Additionally, while uncontrolled use of service mesh, API gateways and the like can compound confusion, they can help reduce or alleviate that confusion when used in a controlled way. Instead of having to track and maintain where APIs are hosted, for example, the practitioner can use service mesh or API gateways to keep track of where APIs are hosted at any given point in time. In this way, they can be used as an authoritative source of truth for where individual APIs live and where and how they are being used.

Lastly, it can often be helpful for practitioners to gain some familiarity with knowing how to test APIs. Open source tools such as OWASP’s ZAP⁵ or SoapUI⁶ can provide information for the practitioner willing to dig deeper. Because APIs use HTTP/s as their transport mechanism, practitioners with a solid understanding of HTTP can fairly easily understand the mechanics of how most APIs are called. For those with less experience in this arena, HTTP is a fairly simple protocol—one that is advantageous for practitioners to know. The skill base to understand API functionality is fairly readily built for those desirous of learning.

Regardless of how practitioners choose to engage with the many APIs in their scope, it is important that they begin to factor APIs into their planning. APIs are not only intrinsic to how modern applications are built, but also potential sources for emergent, and thereby unexpected, behavior.

Endnotes

¹ Aristotle; Metaphysics, Book VIII, Greece, 350 BC, translated by W. D. Ross, http://classics.mit.edu/Aristotle/metaphysics.8.viii.html
² Note that the HTTP “Referer” header is spelled incorrectly in the governing specification (RFC 1945).

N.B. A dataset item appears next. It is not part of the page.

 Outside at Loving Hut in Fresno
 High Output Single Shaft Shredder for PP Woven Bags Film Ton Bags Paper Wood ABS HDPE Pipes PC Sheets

As the misspelling is part of the specification and is reflected in actual browser behavior (in conformance with the specification, browsers also preserve the misspelling), it is reproduced verbatim here for accuracy.
³ GitHub, Redocly/redoc, https://github.com/Redocly/redoc
⁴ GitHub, swagger-api/swagger-ui, https://github.com/swagger-api/swagger-ui
⁵ ZAP, OWASP Zed Attack Proxy (ZAP), https://www.zaproxy.org/
⁶ SoapUI, Accelerating API Quality Through Testing, https://www.soapui.org/

ED MOYLE | CISSP

Is currently director of Software and Systems Security for Drake Software. In his 20 years in information security, Moyle has held numerous positions including director of thought leadership and research for ISACA^®, application security principal for Adaptive Biotechnologies, senior security strategist with Savvis, senior manager with CTG, and vice president and information security officer for Merrill Lynch Investment Managers. Moyle is co-author of Cryptographic Libraries for Developers and Practical Cybersecurity Architecture, and a frequent contributor to the information security industry as an author, public speaker and analyst.